# green blanket version 2



## leomessi (Feb 25, 2010)

this is for the new apartment i'll be moving into in may.


----------



## UnderTheSea (Jun 2, 2008)

Wow, simple looking but very attractive. Nice Tank


----------



## igor.kanshyn (Jan 14, 2010)

This is amazing! No jokes, it's perfect.

Reddish gravel and your healthy Hemianthus Callitrichoides look great together!


----------



## Darkblade48 (Jan 28, 2008)

igor.kanshyn said:


> Reddish gravel and your healthy Hemianthus Callitrichoides look great together!


Is it not Glosso?


----------



## Windowlicka (Mar 5, 2008)

I'm personally not much of a planted kinda guy, but I REALLY like the look of that tank. Very simple. Very elegant.

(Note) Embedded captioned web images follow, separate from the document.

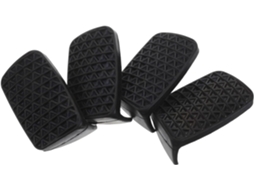 Conjunto De 4 Peças De Capas Antiderrapantes Em Couro Para Pedais De Carro.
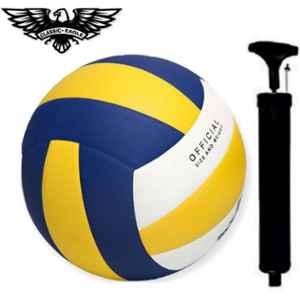Vishwa Soft Rubber Standard Multicolour Volleyball with Air Pump, Size: 4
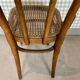 Paire de chaises Thonet bois et cannage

Very nice.


----------



## leomessi (Feb 25, 2010)

hey guys. thanks so much for your kind comments. foreground is not hemianthus callitrichoides._ it is_ glossostigma, although i am currently growing hc in a pot outside emersed and will add it in once it's nice and thick.

the glossos really grows in fast, so i recommend it to anyone who wants a fast-growing foreground plant. the pencils also love it and i catch them eating some of the blue algae that sometimes grow on them.


----------